|
Page 1 of 5
Farewell Vista, Hello XP
How to make the switch back and
deal with the
gnarly problem of transferring your Vista e-mail, contacts, and user
data back to the old standby operating system.
After exploring
Windows Vista for about six months on my test-bed PC, I
decided two
months ago that, along with upgrading the motherboard and CPU in my
main work machine, I'd "upgrade" to Microsoft's latest operating system.
Vista's
new navigation features had slowly grown on me, though I hadn't tried
to work daily with the OS. Vista's appearance has it all over
standard
XP, and there are tons of usability features that beckon--after you
turn off the incredibly annoying User Account Control that constantly
bugs you when you want to install programs or tweak things.
For
example, I love being able to shut down with one click; I like the junk
filtering in Windows Mail (Vista's upgraded version of Outlook
Express); and I appreciate the way I can easily drag User
folders
(formerly My Documents) to a new location so I can consolidate them
with other data that I regularly back up.
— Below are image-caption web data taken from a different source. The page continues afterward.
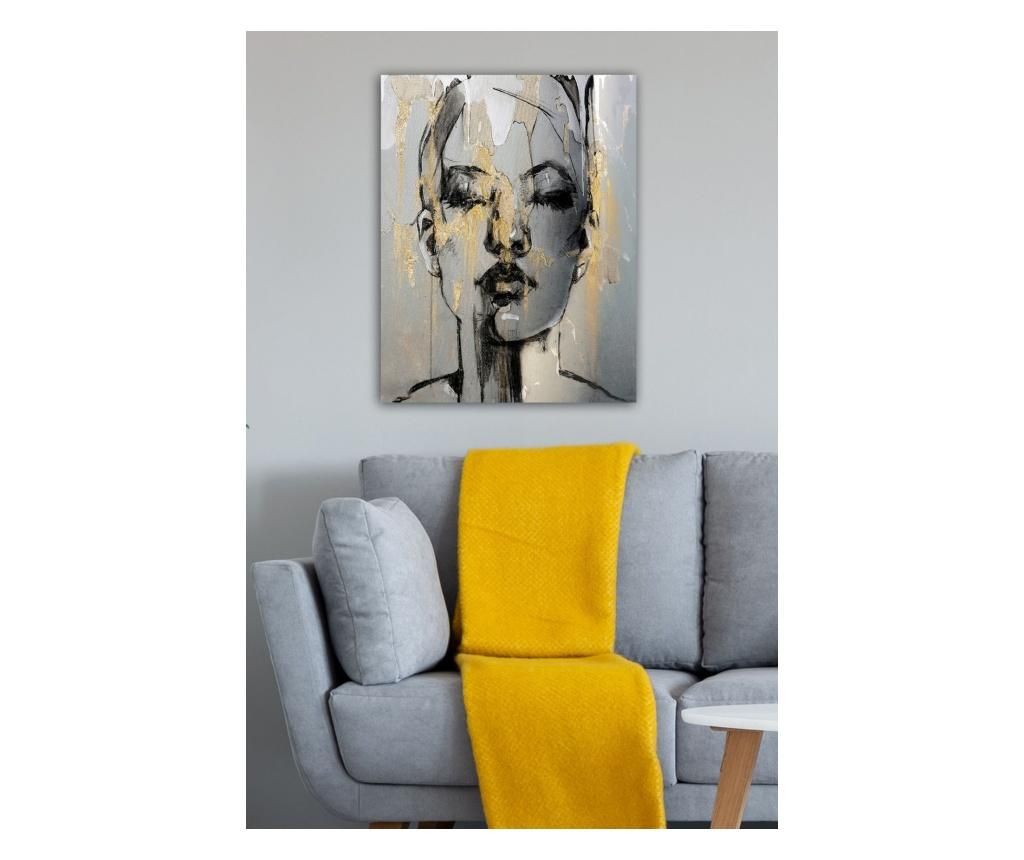 Tablou 50x70 cm - Bract, Multicolor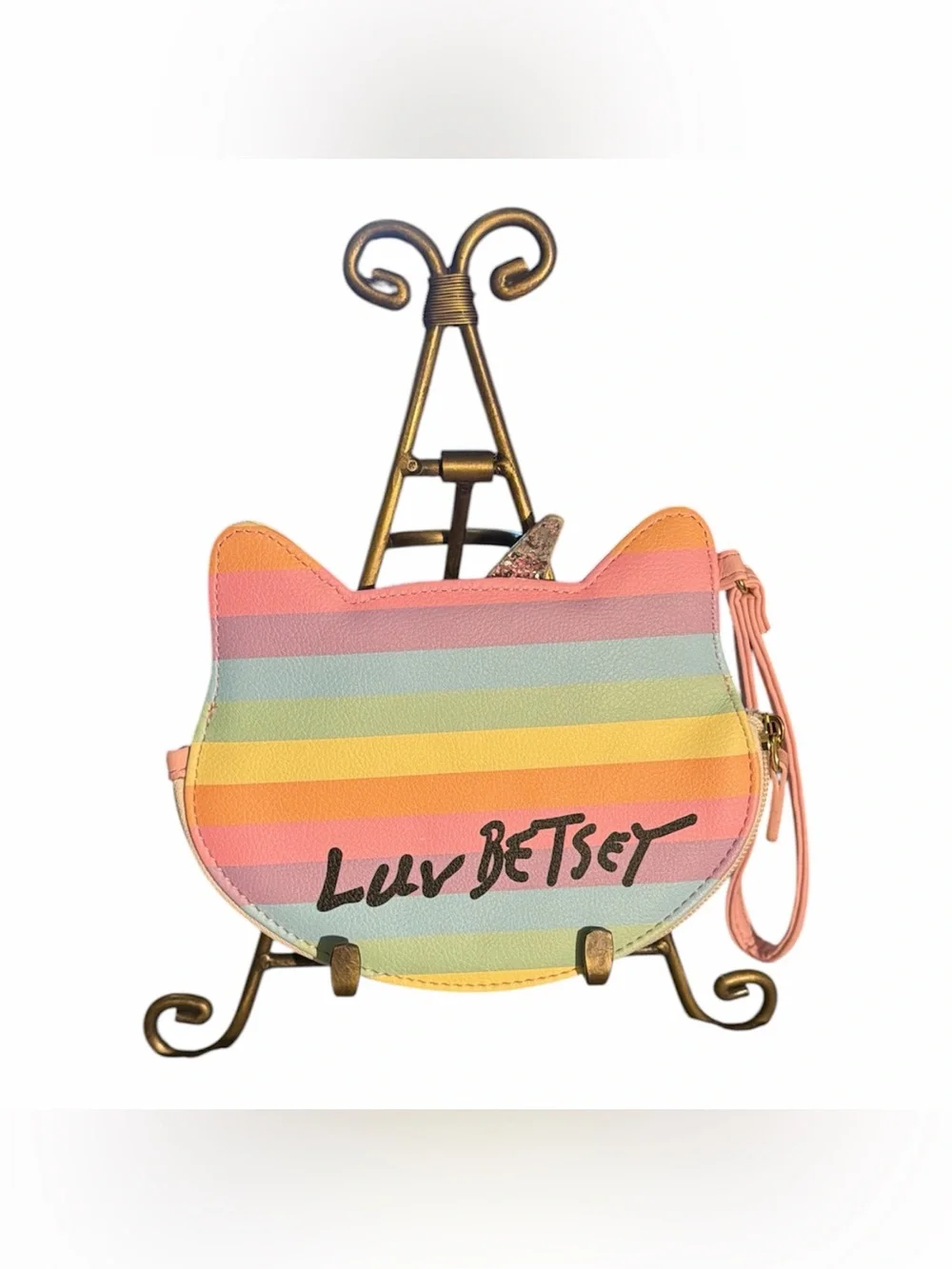 Luv Betsey cute rainbow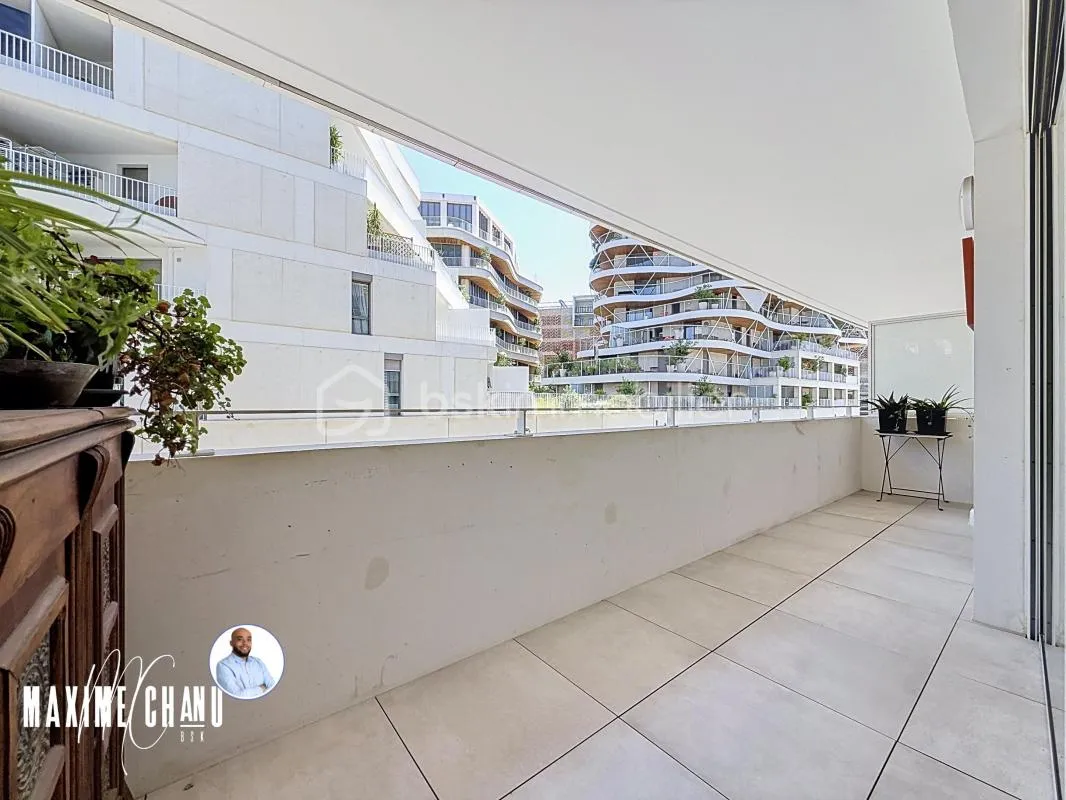 Appartement 2 pièces + parking – Résidence récente – Quartier Nouveau Saint-Roch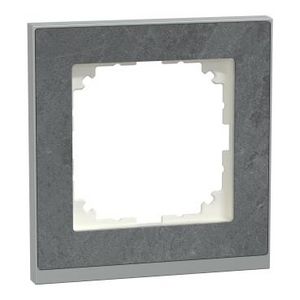 Afdekraam M-Pure Decor 1-voudig Steen Leisteen Systeem M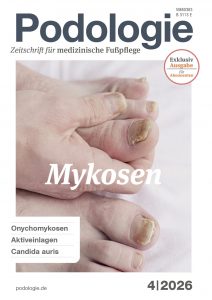 Podologie, Ausgabe 2026/4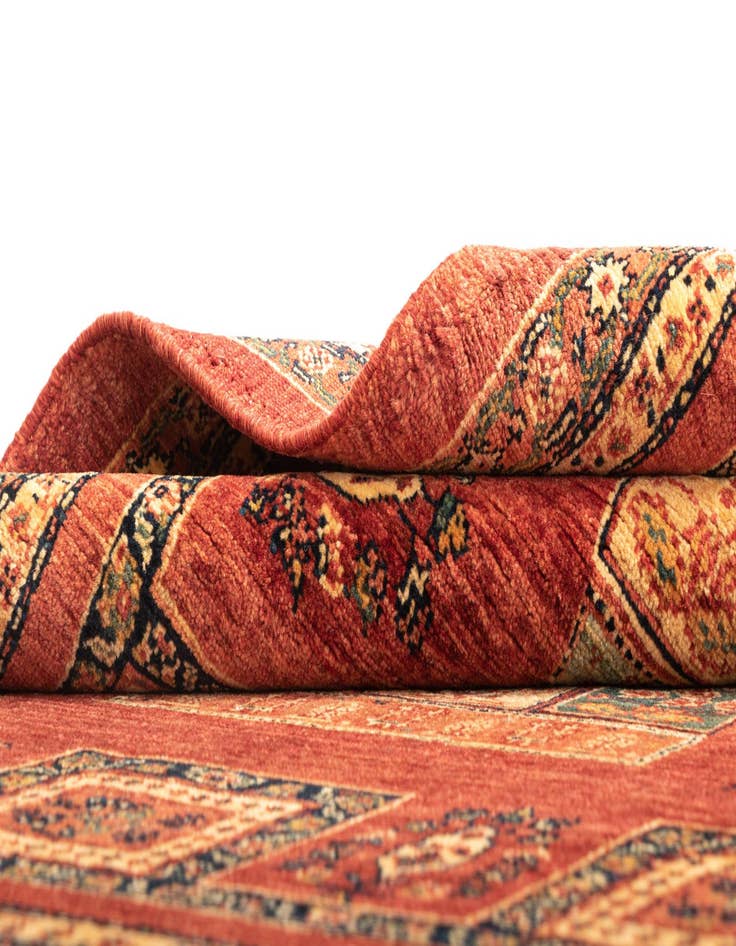 Detail image of  3' 7 x 5' 9 Kashkuli Wool Rug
Annoyances Drive Me Backwards
Unfortunately, small time-wasting annoyances in Vista cropped
up almost immediately. Auto-complete of e-mail addresses in Windows
Mail works only with the 29 most recently used contacts (I have well
over a thousand), and overall the program is slow. The Search Indexer
had an irritating tendency to start when I watched an HD DVD,
and despite of the absence of multimedia files in a folder,
most folders showed useless columns for Artists, Tags, and Ratings. I
must have wasted an hour changing them to Size and Date Modified
headings--and then the folder would sometimes magically change from
detail view to icon view. To be fair, that last part is a holdover bug
from XP, but all I've described was just the tip of the iceberg.
As irksome as these things were, I considered them livable. It
was only when I discovered that my sound card's drivers for ASIO (a
high-performance audio standard for recording musical instruments and
vocals) didn't work well under Vista that the balance tipped
irretrievably towards "downgrading" to XP.
The beta ASIO drivers may have been spotty, it may have been a
system configuration problem, it may have been me--Vista is actually
reputed to be much better for Pro audio--but I decided that it was time
to revert to good old stable XP with its mature driver support.